The 1992 verdict said: “While 50% shall be the rule, it is necessary not to put out of consideration certain extraordinary situations inherent in the great diversity of this country and the people. It might happen that in far-flung and remote areas the population inhabiting those areas might, on account of their being out of the main stream of national life and in view of conditions peculiar to and characteristical to them, need to be treated in a different way, some relaxation in this strict rule may become imperative. In doing so, extreme caution is to be exercised and a special case made out.”
And it’s this “special case” that Maharashtra’s BJP-Shiv Sena government believes it has made out through an 11-member Backward Classes Commission headed by Justice NG Gaikwad (retired), which it appointed in June 2018 and which submitted its report in November 2018. Gaikwad recommended 13 and 12 percent reservations for the community in jobs and education respectively. Then followed at lightning speed the Socially and Educationally Backward Classes (SEBC) Act, 2018 that the state Assembly passed, granting Marathas 16 percent reservation. When this law was challenged, the high court validated it, though restricting the quota to 12-13 percent, as recommended by Gaikwad.
Gaikwad’s report concluded that the community, which it claimed accounted for 30 percent of Maharashtra’s population, was under-represented in government jobs. Among other things, it also spoke of suicides by Maratha farmers and even their daughters. Happy with all this data, the high court said it was “satisfied” that an “extraordinary situation and exceptional circumstances” existed, warranting the crossing of the 50 percent limit.

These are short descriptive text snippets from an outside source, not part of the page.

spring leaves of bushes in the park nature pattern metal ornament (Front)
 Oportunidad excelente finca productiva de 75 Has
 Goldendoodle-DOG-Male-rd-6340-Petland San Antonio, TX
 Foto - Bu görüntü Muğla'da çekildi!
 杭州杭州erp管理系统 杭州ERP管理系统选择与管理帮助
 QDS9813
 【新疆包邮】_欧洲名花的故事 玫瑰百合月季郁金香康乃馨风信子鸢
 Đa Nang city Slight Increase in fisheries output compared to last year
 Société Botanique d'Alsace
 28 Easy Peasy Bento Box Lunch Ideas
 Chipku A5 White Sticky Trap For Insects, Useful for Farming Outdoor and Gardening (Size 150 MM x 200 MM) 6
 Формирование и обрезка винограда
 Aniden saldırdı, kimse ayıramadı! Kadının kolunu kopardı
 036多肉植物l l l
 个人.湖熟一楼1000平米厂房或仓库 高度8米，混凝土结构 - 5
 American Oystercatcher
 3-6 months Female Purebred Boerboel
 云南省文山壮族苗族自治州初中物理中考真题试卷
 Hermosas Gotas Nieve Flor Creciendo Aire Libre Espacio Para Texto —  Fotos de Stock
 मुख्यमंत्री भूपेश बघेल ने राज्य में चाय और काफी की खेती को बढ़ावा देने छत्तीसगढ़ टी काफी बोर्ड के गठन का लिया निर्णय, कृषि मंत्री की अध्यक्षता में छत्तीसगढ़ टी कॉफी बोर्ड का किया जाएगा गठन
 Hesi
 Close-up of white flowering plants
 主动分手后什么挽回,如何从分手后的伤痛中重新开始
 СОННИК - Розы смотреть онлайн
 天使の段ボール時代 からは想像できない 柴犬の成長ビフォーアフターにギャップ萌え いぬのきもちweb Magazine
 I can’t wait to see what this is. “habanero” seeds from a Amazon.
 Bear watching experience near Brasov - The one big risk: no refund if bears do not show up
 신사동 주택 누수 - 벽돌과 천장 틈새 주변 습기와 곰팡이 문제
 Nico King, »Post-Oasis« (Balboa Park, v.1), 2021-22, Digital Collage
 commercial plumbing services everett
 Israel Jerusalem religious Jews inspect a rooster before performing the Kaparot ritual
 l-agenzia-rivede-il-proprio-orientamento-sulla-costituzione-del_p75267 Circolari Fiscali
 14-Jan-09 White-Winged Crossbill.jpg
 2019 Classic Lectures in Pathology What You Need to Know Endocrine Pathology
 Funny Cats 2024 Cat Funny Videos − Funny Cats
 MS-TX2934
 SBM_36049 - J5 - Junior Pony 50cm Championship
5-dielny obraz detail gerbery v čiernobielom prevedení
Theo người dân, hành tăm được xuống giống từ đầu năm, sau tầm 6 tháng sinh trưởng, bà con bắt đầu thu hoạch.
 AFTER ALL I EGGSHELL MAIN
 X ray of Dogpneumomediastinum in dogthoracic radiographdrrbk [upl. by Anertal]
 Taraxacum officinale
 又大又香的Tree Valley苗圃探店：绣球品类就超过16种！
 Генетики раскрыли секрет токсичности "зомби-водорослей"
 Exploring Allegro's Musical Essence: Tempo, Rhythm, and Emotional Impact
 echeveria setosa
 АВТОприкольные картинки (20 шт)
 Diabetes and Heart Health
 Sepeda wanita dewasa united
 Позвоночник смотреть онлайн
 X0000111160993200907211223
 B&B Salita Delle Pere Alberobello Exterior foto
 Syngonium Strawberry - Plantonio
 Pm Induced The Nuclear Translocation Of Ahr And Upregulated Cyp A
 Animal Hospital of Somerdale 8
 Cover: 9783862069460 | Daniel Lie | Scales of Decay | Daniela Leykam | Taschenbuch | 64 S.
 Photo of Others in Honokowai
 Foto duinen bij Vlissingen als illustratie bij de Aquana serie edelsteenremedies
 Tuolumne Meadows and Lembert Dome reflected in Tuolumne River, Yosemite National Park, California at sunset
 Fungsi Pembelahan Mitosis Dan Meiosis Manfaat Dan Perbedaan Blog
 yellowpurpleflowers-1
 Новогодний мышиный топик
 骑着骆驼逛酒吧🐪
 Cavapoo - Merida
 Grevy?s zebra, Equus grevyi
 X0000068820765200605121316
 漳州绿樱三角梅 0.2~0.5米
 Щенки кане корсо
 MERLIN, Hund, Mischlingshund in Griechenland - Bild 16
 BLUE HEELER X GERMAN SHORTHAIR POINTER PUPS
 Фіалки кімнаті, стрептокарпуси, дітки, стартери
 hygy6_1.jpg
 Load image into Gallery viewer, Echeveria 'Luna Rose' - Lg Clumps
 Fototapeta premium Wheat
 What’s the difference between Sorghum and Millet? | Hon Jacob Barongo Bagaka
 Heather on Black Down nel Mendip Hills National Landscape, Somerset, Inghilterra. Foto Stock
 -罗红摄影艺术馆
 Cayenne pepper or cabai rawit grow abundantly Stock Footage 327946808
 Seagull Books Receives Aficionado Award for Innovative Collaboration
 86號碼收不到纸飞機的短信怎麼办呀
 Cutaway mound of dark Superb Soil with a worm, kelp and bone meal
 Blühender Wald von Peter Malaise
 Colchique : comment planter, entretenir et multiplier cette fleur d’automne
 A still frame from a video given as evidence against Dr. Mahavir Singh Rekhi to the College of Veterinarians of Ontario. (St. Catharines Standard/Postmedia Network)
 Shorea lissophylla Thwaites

The two-judge bench used its collective judicial wisdom on the basis of data available to it. But what was more striking was the eagerness of the state government to pamper Marathas with an obvious eye on the recent Lok Sabha election and the upcoming Assembly poll.
The court has acknowledged Gaikwad’s observation that Marathas are politically well-represented. This is not to suggest that the poor among them need no uplift. But whether they must have reservations to tide over agrarian distress, which triggered the latest unrest among them, is the question that Fadnavis has not answered with any degree of conviction.
If the BJP is mollycoddling Marathas to pad up its vote bank, it’s a dubious move that makes the party no different from the Congress whose notoriety for using reservations as an electoral tool is too well-known. And if the BJP is indeed using reservations as a poverty alleviation measure, it amounts to an economic illiteracy that’s equally appalling.
The last hasn’t been heard of this since the issue is set to go before the Supreme Court. In the meanwhile, however, the powerful Marathas will have the political cake — and eat the economic one too.